Deploying the receiver and lab-host roles Two roles, one bootstrap command each. Detailed in [`docs/deploy.md`](docs/deploy.md): - `lab-host` — runs episodes, ships completed episodes to the receiver. - `receiver` — accepts ship uploads, stores tarballs + appends to `index.jsonl`. Runs on the Pi5 in our setup. ```sh # On a lab host: ./scripts/install-lab-host.sh # (TODO — currently bring up by hand per docs/deploy.md) # On the Pi5 (or any always-on WG node): ./scripts/install-receiver.sh # (TODO — same) ``` For now both bootstrap scripts are scaffolds; the units and configs they install live in `etc/`. The receiver itself works today (`uv run python -m receiver --config etc/receiver.toml.example` — modify paths).
Threat model and feature-availability split See [`docs/threat-model.md`](docs/threat-model.md) for the full argument.

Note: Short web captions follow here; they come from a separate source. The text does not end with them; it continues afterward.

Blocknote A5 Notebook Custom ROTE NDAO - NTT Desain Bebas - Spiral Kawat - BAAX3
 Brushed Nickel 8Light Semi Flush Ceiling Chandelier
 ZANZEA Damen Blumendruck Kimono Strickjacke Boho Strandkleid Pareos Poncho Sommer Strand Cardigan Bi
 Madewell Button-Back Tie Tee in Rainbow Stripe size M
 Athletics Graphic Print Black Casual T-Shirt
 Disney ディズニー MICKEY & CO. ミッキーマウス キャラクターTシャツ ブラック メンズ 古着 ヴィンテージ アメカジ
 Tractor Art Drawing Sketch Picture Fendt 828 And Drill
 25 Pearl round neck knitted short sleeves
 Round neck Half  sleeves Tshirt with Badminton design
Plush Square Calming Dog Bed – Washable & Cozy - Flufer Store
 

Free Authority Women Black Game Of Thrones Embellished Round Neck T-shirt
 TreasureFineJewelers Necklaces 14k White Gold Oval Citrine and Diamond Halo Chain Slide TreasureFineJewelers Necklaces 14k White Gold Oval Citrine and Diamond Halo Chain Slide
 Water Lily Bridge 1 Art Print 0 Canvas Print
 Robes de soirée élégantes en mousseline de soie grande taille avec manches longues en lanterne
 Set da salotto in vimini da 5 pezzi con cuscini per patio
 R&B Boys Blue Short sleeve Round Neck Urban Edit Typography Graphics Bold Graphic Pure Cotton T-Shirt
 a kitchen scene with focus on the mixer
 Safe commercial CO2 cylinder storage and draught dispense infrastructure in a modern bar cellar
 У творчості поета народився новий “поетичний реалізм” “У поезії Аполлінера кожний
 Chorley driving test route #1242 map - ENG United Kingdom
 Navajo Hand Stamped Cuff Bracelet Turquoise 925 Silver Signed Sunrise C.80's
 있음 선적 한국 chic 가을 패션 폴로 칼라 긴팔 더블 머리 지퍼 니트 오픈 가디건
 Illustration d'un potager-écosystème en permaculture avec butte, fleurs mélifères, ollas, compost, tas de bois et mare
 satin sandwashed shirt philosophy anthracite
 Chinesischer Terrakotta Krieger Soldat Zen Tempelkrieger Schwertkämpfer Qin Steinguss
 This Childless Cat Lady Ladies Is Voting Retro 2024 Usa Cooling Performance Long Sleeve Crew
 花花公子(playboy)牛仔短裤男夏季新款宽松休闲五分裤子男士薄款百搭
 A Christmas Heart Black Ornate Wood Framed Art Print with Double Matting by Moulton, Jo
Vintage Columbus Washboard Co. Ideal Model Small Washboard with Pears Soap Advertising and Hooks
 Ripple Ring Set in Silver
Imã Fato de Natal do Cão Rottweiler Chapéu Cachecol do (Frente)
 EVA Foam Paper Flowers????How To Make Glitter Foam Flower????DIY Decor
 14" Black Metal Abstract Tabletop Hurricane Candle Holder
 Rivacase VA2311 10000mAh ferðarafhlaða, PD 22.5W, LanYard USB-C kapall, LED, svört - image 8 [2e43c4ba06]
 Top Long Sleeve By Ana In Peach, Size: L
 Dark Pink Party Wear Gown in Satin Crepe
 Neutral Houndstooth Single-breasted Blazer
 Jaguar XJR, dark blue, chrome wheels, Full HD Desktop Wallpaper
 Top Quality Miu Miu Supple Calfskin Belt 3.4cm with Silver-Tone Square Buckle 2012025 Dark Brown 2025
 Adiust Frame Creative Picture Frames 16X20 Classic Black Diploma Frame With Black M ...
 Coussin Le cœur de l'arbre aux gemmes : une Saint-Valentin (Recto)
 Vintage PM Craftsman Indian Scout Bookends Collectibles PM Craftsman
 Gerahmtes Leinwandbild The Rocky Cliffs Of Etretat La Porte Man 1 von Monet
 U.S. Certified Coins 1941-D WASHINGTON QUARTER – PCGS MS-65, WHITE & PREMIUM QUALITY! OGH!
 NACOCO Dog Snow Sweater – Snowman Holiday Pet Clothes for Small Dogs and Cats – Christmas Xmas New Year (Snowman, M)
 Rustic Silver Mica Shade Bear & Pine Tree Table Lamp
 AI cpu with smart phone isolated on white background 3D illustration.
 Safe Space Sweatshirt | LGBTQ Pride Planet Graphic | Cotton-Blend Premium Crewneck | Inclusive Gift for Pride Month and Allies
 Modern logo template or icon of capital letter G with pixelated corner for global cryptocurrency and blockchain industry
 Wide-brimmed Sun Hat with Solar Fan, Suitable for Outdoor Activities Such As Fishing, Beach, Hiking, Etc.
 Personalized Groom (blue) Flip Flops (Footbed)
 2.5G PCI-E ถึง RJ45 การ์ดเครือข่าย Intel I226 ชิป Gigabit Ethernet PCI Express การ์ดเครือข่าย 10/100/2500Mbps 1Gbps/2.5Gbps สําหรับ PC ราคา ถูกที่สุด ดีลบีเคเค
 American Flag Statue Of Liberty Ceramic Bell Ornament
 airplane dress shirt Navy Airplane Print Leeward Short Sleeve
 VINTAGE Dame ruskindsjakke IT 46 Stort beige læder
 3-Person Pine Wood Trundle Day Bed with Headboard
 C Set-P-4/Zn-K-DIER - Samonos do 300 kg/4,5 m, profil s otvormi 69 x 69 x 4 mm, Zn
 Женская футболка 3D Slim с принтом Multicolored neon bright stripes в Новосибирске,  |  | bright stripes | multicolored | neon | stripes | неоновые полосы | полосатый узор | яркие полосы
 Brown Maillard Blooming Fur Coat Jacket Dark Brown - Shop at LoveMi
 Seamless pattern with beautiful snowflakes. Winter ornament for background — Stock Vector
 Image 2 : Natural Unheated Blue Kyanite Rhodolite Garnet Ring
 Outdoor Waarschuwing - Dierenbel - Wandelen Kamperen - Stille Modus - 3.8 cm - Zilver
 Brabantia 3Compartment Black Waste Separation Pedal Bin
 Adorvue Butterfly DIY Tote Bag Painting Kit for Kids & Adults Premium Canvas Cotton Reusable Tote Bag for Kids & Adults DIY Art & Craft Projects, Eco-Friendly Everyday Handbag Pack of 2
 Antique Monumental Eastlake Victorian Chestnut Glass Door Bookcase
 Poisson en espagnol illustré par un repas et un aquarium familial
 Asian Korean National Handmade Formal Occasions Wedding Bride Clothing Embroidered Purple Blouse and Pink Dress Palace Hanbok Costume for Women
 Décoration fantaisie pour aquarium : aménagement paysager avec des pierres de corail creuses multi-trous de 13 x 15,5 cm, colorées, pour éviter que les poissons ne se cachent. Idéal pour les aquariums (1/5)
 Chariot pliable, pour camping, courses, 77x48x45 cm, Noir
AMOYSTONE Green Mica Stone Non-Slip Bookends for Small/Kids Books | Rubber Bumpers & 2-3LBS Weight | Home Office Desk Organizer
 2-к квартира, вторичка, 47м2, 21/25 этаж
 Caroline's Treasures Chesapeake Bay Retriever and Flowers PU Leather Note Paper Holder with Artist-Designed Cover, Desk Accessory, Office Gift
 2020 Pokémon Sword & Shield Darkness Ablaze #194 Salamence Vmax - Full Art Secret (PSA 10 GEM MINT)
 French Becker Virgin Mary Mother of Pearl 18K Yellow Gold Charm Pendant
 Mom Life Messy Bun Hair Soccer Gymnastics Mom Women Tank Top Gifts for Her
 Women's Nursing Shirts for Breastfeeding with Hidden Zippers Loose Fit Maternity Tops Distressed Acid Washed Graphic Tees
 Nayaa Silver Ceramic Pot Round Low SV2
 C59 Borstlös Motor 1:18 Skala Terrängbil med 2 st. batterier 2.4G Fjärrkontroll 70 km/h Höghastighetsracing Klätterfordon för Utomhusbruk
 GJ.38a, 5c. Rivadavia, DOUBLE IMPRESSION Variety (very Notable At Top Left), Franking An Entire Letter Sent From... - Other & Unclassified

The short version: | Channel | Vantage | Role | |---|---|---| | Host `/proc/` | outside guest | oracle (label only) | | QEMU QMP `query-stats` etc. | outside guest | oracle (label only) | | `perf stat -p ` | outside guest | oracle (label only) | | Bridge-side pcap | gateway-style | feature (deployable) | | In-guest `/proc`, perf, thermal | inside guest | feature (deployable) | We collect everything in the lab. Only the *features* go into the deployed model; the oracles are used to label episodes with high confidence (disagreement between in-guest and host-side data is itself a rootkit signal).
--- ## Citing this work A short course-project citation, until the dataset reaches a publishable form: > Gorog, M. *CIS490 Behavioral Malware Detection Dataset (in progress).* > Spectral lab, 2026. See [`docs/sources.md`](docs/sources.md) for everything else this project leans on.